THE DATA.
::::
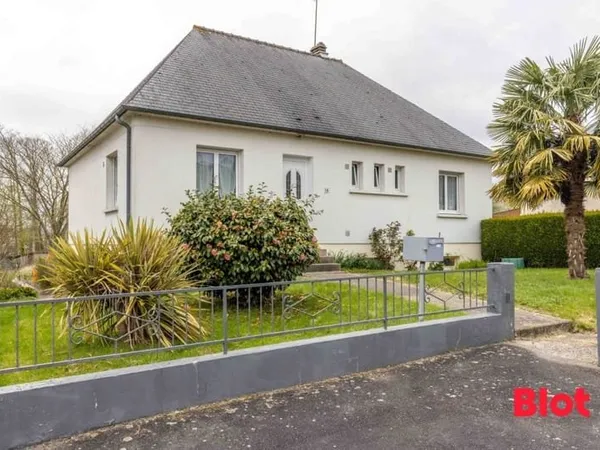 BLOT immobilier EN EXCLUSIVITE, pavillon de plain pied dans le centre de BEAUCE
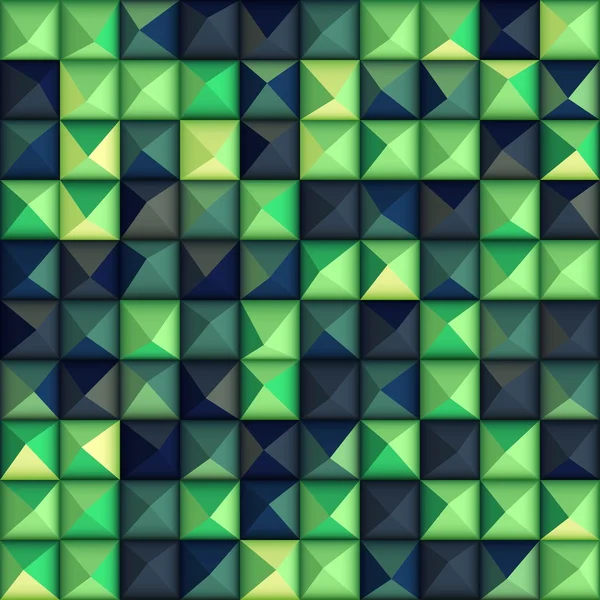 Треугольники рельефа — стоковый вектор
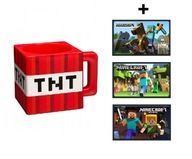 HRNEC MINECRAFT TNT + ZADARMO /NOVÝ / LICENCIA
::::
YOUR GOAL. Your answer must be exactly the lines from the one with "Треугольники рельефа — стоковый вектор" through the final line of the data, with no pictures in it.

ANSWER SPACE.
 Треугольники рельефа — стоковый вектор
 HRNEC MINECRAFT TNT + ZADARMO /NOVÝ / LICENCIA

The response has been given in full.